Aston Tennefoss' Practicum Project with the Office of the Delta Watermaster

Aston Tennefoss, Environmental Policy & Management alumni's Practicum Report

Aston Tennefoss, EPM graduateAston Tennefoss is a graduate of the Master of Science in Environmental Policy and Management program. He holds a Bachelor of Science in Chemical Engineering from the University of Washington. He has worked in business and information technology consulting for nearly a decade. An avid rower, he is Board President of River City Rowing Club.

This post was written by Aston about his practicum experience.


The Environmental Policy & Management practicum provides students with the opportunity to experience the daily operations and current events within their chosen field of study. With my interest in water policy and the Delta, I was fortunate to work with the Office of the Delta Watermaster at the State Water Resources Control Board for my practicum.

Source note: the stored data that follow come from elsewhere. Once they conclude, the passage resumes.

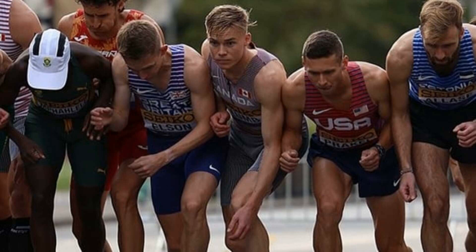Meanwhile, Ethiopia's Diribe Welteji beat Faith Kipyegon to set a new women's world record in the mile with a time of 4 minutes and 20.98 seconds.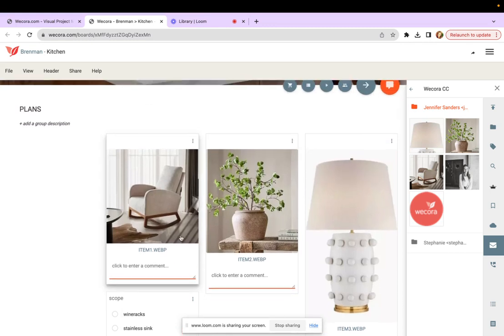So that's WeCora CC and we hope it becomes just another way for you to get project decisions made a heck of a lot faster utilizing WeCora.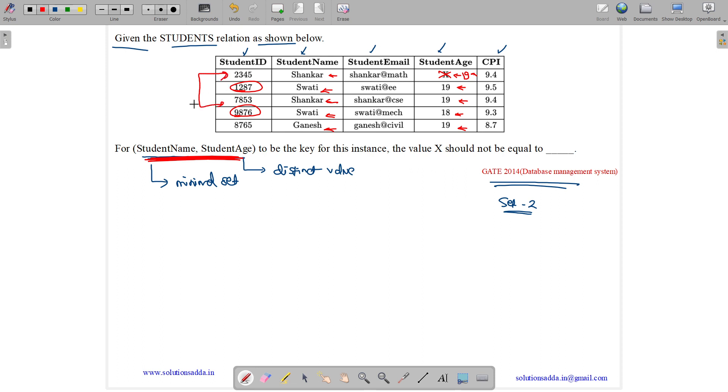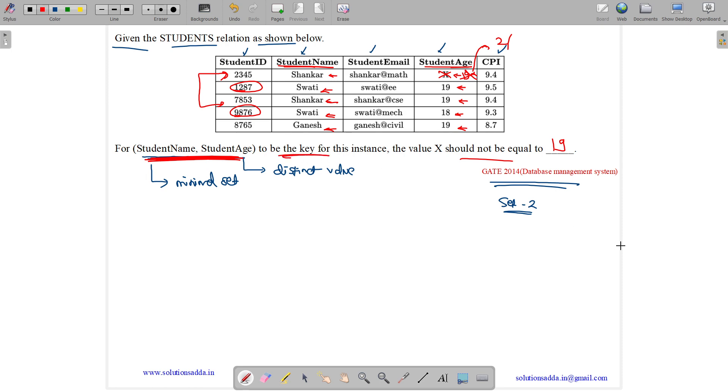It won't be able to differentiate between these two based only on the key. So x should not be equal to 19 and can be any other value like 21. If it is 21, then Shankar 21 and Shankar 19 are two different values. So x should not be equal to 19 for this combination to be a key.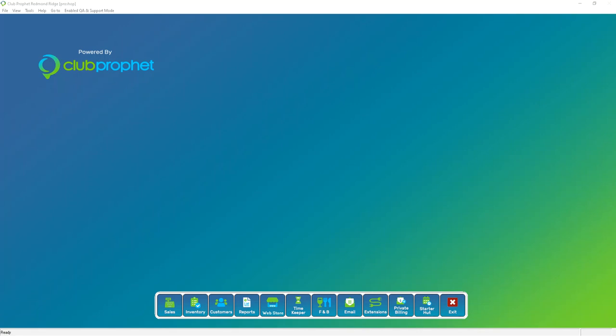Welcome back to the Video Library. Today we're going to be going over a small checklist of items to make sure you're ready to go for the upcoming season.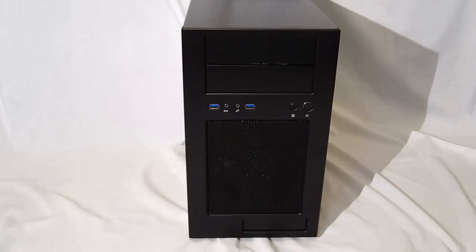This is George from Hitech Legion. Today we're going to be taking a look at the Silverstone TJ08E enclosure.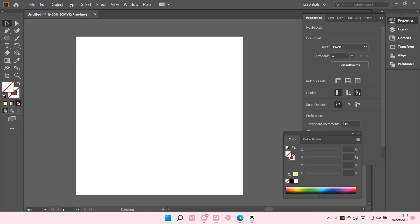Hey guys and welcome back to this channel. In this video, I'll be showing you guys how you can create a fuzzy texture on Adobe Illustrator.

The Delta Reform Act of 2009 formed the Office of the Delta Watermaster. The Watermaster is appointed to a four-year term by the State Water Resources Control Board (SWRCB) and reports to both the SWRCB and the Delta Stewardship Council. As an independent officer of the state, the Watermaster oversees day-to-day administration and enforcement, if necessary, of water rights in the Delta related to water diversions. In addition to water rights management, the Watermaster works with the SWRCB and the Stewardship Council to advance the coequal goals mandated in the Delta Reform Act. These goals are: (1) improved water supply reliability and (2) an enhanced Delta ecosystem.

Over the course of five months, I interviewed stakeholders throughout the Delta science enterprise, attended agency, committee, and public meetings, and researched existing funding and governance models within the Sacramento-San Joaquin Delta and other national estuaries. The Delta Watermaster, Michael George, and my Faculty Supervisor, Dr. Jay Lund, guided my activities, providing valuable context for my research and suggesting possible interviewees. The purpose of the interviews was to leverage the experience of practitioners, policymakers, and researchers to discern barriers and opportunities for collaborative research. These insights, combined with a review of the relevant literature, were used to recommend possible changes to the future governance and funding of Delta science. These recommendations are contained in the attached report. The California WaterBlog featured a summary of the report here.

The project increased my understanding of current political and structural dynamics in water management and policy. The process of writing and revising the white paper focused my ability to discern what is relevant to a policy audience. As I developed recommendations, the draft and review process with Michael George and Dr. Lund produced a more pertinent and accessible document. Through my participation in meetings and workshops, my network has grown, and I have recently been asked to review a section of the 2018 Draft Delta Science Plan Update. The interview process exposed me to stakeholders from local, state, and federal government, as well as private organizations and NGOs. I have a better sense of the sort of work I would like to do in the future and which organizations would best position me to achieve my longer-term goals. Finally, my interview with the Department of Finance and subsequent analysis of various documents, like the State Budget and Manual of Funds, improved my understanding of the State budgeting process. I am excited to continue following Delta science advances and water management decisions. My research is relevant to a number of ongoing initiatives, especially at the Delta Stewardship Council and I hope to be part of future conversations.

I am grateful to the many individuals from federal, state, local, non-governmental, academic, and private institutions who generously provided their time and expertise for interviews. Special thanks go to Michael George and Jay Lund for their guidance, constructive feedback, and detailed reviews. Lastly, thank you to the UC Davis Environmental Policy & Management program for fellowship funding in support of my research, and to EPM program faculty, Mark Schwartz and Mike Springborn.